Arroyo's allies on the House of Representatives' justice committee voted last Wednesday to throw out all three impeachment complaints against her in a session that was boycotted by opposition lawmakers who have accused their pro-Arroyo counterparts of railroading the decision.
The 236-seat House, which is dominated by Arroyo's allies, was expected to vote this week on whether to accept or reject the committee's decision to throw out the impeachment charges. Arroyo is accused of rigging last year's election _ and of bribery, corruption and other crimes _ in her worst political crisis. She has denied any wrongdoing and has refused to resign.
Metropolitan Manila police chief Vidal Querol said the capital's 16,000-strong police force was placed on full alert indefinitely starting late Sunday to safeguard law and order during anti-government protests timed with the impeachment debate.
More than 300 policemen will be deployed outside Congress to keep order and a standby military force could be tapped if protests get out of hand, he said. A clash between leftist activists and riot police injured 26 people at the gates of Congress last week.
Rallies will not be allowed at a pro-democracy shrine along the capital's EDSA highway, Querol said. The shrine was the site of "people power" revolts that ousted dictator Ferdinand Marcos in 1986 and Arroyo's predecessor, Joseph Estrada, in 2001.
Police were also concerned about persistent reports of possible terror attacks in the capital, he said. One pro-administration lawmaker, who later backed impeachment charges against Arroyo, claimed the president's legislative supporters were rushing to clear her of the charges before she leaves next week for the U.N. General Assembly in New York.
Arroyo's opponents and allies in Congress differed on a potentially explosive issue. Opposition lawmakers contend that despite the dismissal of all the impeachment complaints by the House justice committee, they can still impeach Arroyo and send their complaint to the Senate for trial if they can get the signatures of a third, or 79, of the legislators.

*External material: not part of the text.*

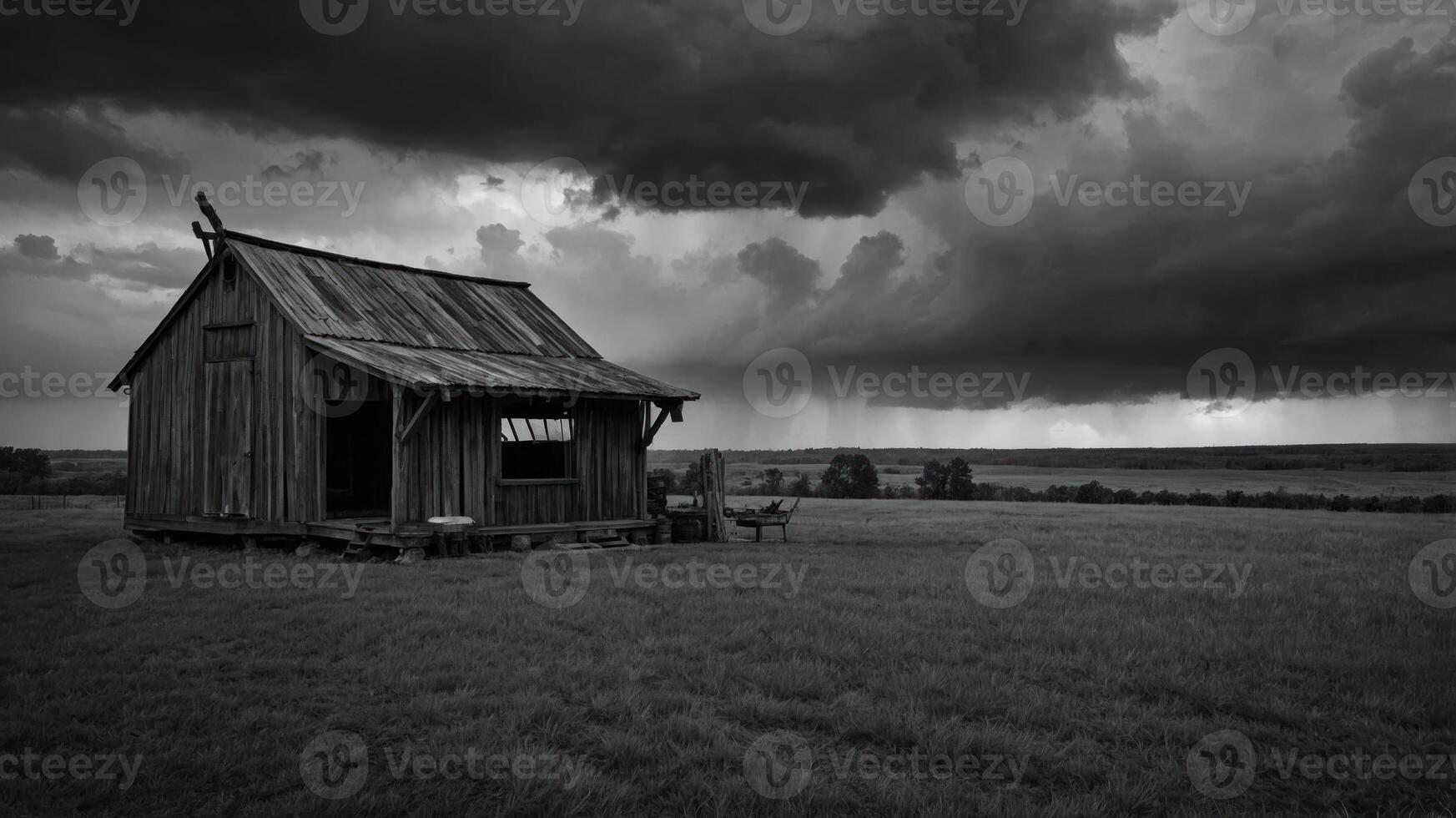 A rustic wooden cabin stands alone under dark, stormy skies in a vast landscape. photo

Opposition lawmakers claim they are a few signatures short of 79. However, a key Arroyo backer, Rep. Marcelino Libanan, said the impeachment charges against Arroyo could no longer be resurrected because they have already been dismissed by the justice committee.
Former President Corazon Aquino, regarded as a moral icon in the country and an ex-ally of Arroyo, has asked her to resign and has been prodding lawmakers to sign the impeachment charges against her.
The allegations against Arroyo have set off protests and coup rumors although the rallies have only been a fraction of the huge street demonstrations that drove Marcos and Estrada out of power, AP reports.